Investigators have also investigated evidence that organized crime groups provoked violence during a peaceful protest in the Naples area.

France has warned of possible new lockdowns, including extending existing curfews, holding residents on weekends or all week, and closing non-essential businesses.

Since curfews were imposed a few weeks ago, the French police have imposed 14,000 fines, the interior minister said on Tuesday.

Doctors see growing pressure on French emergency services and intensive care units, where COVID patients now occupy more than half of the beds.

In Spain, the Canary Islands wanted to pass a law allowing visitors to the popular archipelago off northwest Africa with evidence of a negative COVID-19 test.

Russia, which has the fourth highest number in the world with 1.5 million confirmed cases, is resisting a second lockdown.

With more than 15,000 cases per day, the health department ordered all Russians to wear masks in crowded public spaces, including public transport, and in enclosed spaces such as taxis and elevators.

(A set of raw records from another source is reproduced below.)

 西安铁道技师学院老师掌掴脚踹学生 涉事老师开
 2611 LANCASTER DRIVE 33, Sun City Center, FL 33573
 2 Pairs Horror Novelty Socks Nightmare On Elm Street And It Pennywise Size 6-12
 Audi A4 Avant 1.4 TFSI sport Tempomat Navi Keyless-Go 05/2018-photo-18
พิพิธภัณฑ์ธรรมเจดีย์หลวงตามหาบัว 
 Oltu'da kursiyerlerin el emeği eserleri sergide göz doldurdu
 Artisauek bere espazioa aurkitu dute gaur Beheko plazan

Merchants, restaurateurs and workers organize a mock funeral for their industry, which they believe is being killed by downtime

Merchants, restaurateurs and workers organize a mock funeral for their industry, which they believe is killed by downtime

Entrepreneurs organized a staged funeral to protest the ban imposed by the Italian government in Como

Entrepreneurs organized a staged funeral to protest the ban imposed by the Italian government in Como

The Czech government has tightened its rules further, imposing a nationwide curfew between 9:00 p.m. and 6:00 p.m., which began on Wednesday.

In the past, freedom of movement was restricted, shops, schools and restaurants closed, face masks must be worn indoors and outdoors, and sports competitions were banned, but the number of infections has continued to rise.

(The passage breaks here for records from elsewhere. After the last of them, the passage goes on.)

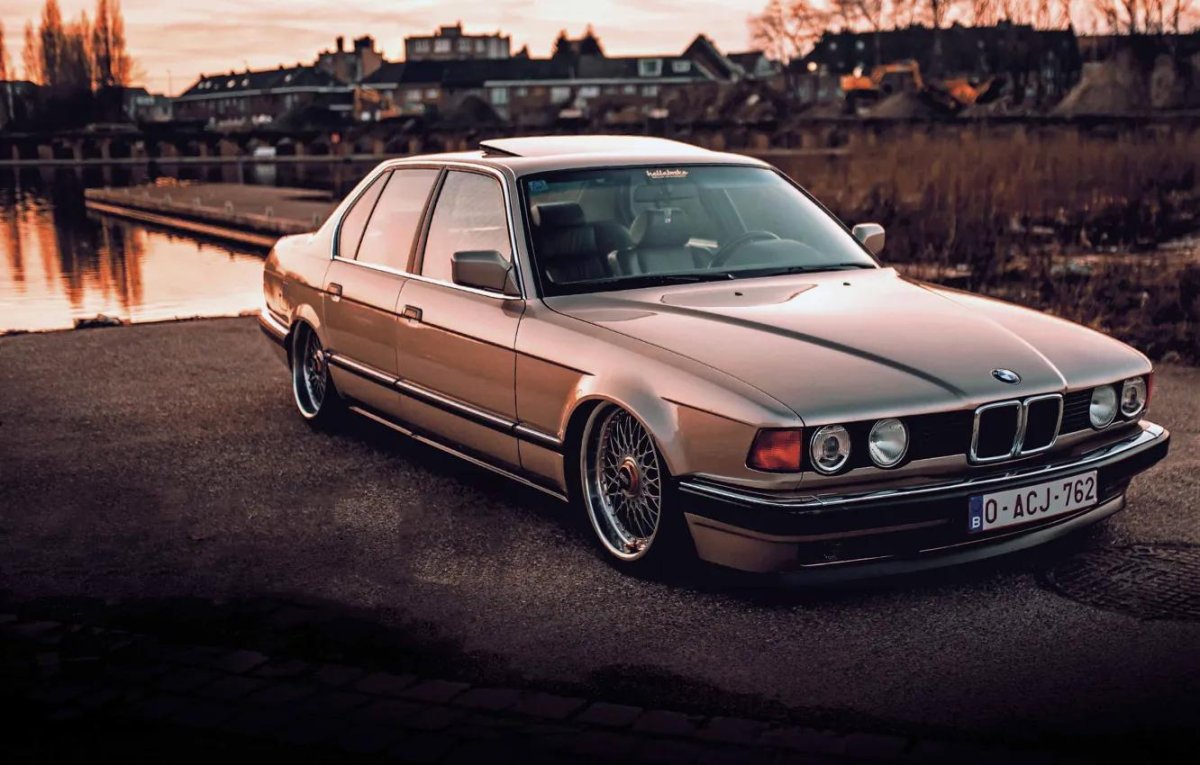 BMW e32 730i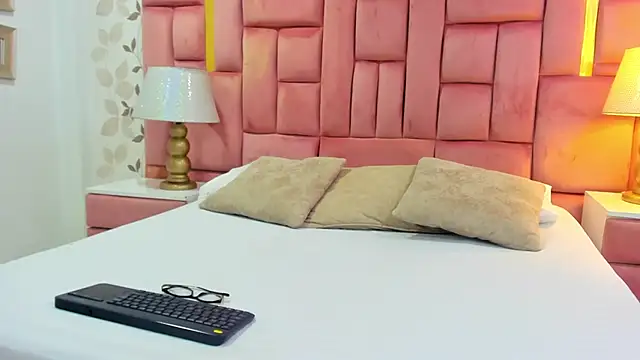 ArianaFranco online show from 04.04.26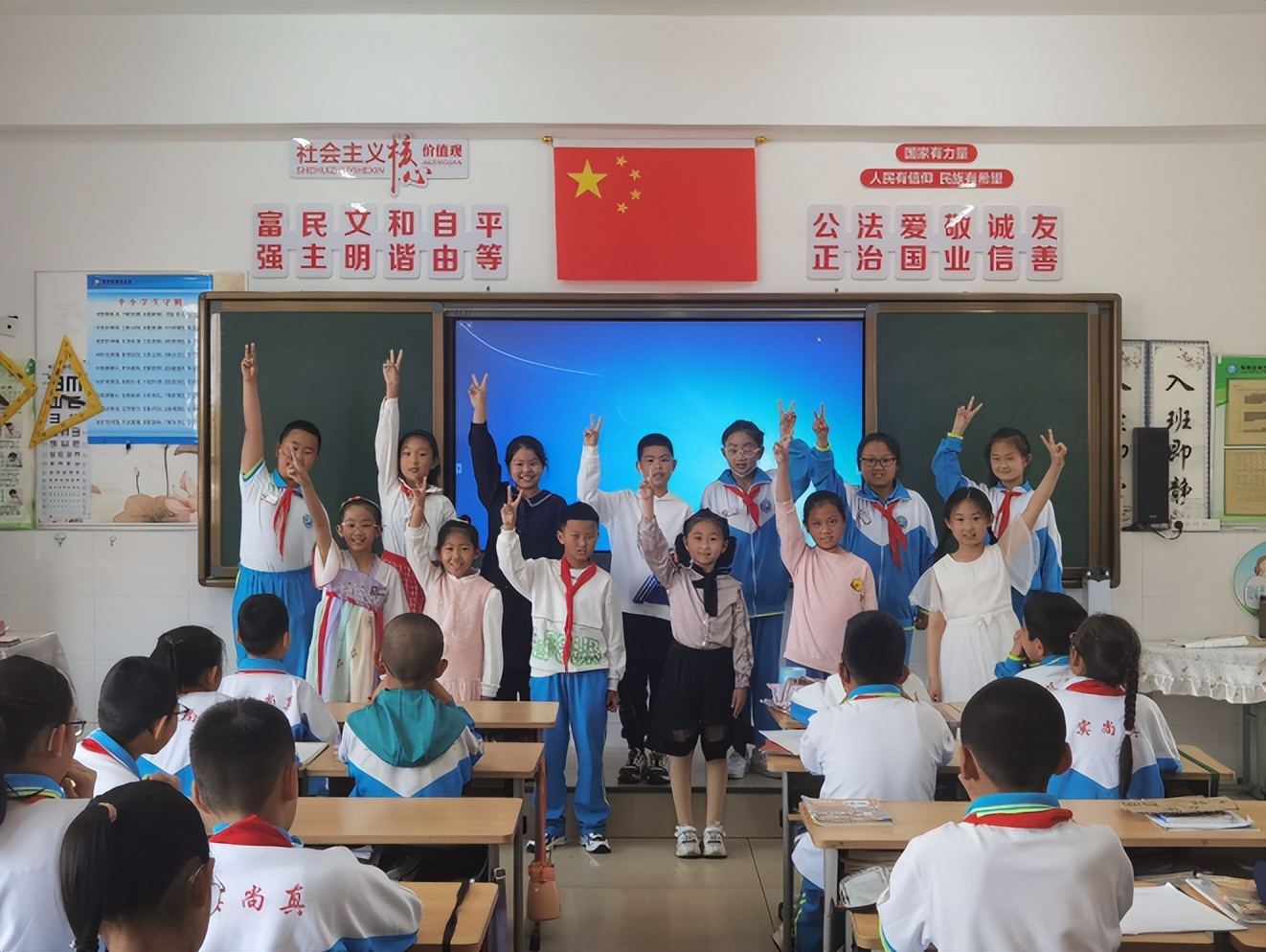 东胜区第五小学:书香润心灵 阅读促成长(图37)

Several demonstrations against the virus restrictions were planned for Wednesday in the Prague capital.

Even Sweden, which has avoided national lockdowns and has generally imposed far lighter measures than other European countries, is now urging people to avoid shopping malls and stores and to stay away from public transport.

The World Health Organization announced that more than 2 million confirmed coronavirus cases were reported last week – the shortest time ever for such an exponential increase.

For the second week in a row, the European region has the largest proportion of new cases with more than 1.3 million cases or around 46% of the global total.

The United States Health Department said deaths were also increasing in Europe, with an increase of about 35 percent since the previous week.

Overall, Europe has recorded more than 250,000 virus-related deaths, according to a record by Johns Hopkins University. The WHO found that hospital admissions and intensive care unit occupancy have increased in 21 European countries due to Covid.

As European Union countries weigh up tougher restrictions on coronavirus, senior EU officials on Wednesday called on the bloc's 27 states to put in place common rules to test the disease and track its spread to prevent further damage to their economies.

European Council President Charles Michel, who will chair an extraordinary summit of EU leaders on the pandemic on Thursday evening, also urged them to prepare for logistical challenges that could plague vaccine adoption.

& # 39; We're in a storm. We're all sitting in the same boat. And in this storm we have to keep cool heads, ”Michel told French radio RTL.

Meanwhile, European Commission President Ursula von der Leyen told reporters in Brussels that Europe is currently facing two enemies. We are dealing with the coronavirus; the virus itself and also corona fatigue. That said, people are getting sick of the preventive measures. & # 39;

Michel also urged heads of state and government to prepare to prioritize vaccination.

"Based on the information we have, there could be three or four vaccine candidates available by the end of this year or early next year," Michel said.

Von der Leyen said the commission would extend its VAT exemption for vaccine and test kit purchases for another six months.

"I think this year's Christmas will be a different Christmas," added von der Leyen.